Investment is the allocation of current resources, which have alternative productive uses, to an activity whose benefits will accrue over the future. The benefits take the form of production of goods and services that are of individual or social (public) benefit. The cost of an investment is the benefit that could have been derived by using the resources in some other activity. An investment is justified if the benefits anticipated are greater than the costs. (Arrow 1965). An approach to investment in the present period that is intended to produce social (or public) benefits rather than purely financial returns in the future may be described as social investment, socially responsible investing, social impact investment or impact investing (OECD 2015).

The term social investment is more commonly used in Europe. Indeed, in February 2013 the European Commission launched its ‘Social Investment Package’ (SIP) (European Commission 2013). This offered an innovative social policy instrument in the context of demographic change and economic pressures across Europe. The social investment approach promotes policy measures that frame welfare or public spending as investments aiming to enhance the stock of human capital stock, maintain social protection buffers and enable people to live an independent life, and facilitate flow in the labour market (Hemerjick 2015).

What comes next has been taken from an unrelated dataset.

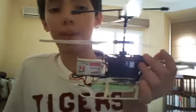If you guys want to buy it, it's Master Helicopters. I don't know if it's available in the US because I don't live in the US — I live in Tunisia, which is in Africa.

The fundamental pillars of social investment as a policy paradigm involve a significant change in the core elements of the policy-making process inherited from the post-war welfare models of many European states, moving from a focus on “repairing” the unforeseen damages caused by events to a focus on “preparing” individuals and families to address life chances and deal with disruptive events, preventing or lessening the damages they can cause. The philosophy underpinning social investment involves advocating for three main social policy functions: (i) the creation of capacities, which involves a shift in policy analysis from an exclusive focus on present costs to a focus on current and future impacts; (ii) addressing social risks within life-course dynamics, which involves a move from a clear cut divide between those that pay and those who are recipients of welfare provision to a more dynamic and better adjusted vision of contemporary social reality where individuals have different status in different phases of their lives; and (iii) the reconciliation of work and family life, not only responding to ideologies of gender that pressure towards gender equality but also as a pre-requisite to deal with the consequences of demographic ageing and the need to secure economic and fiscal sustainability.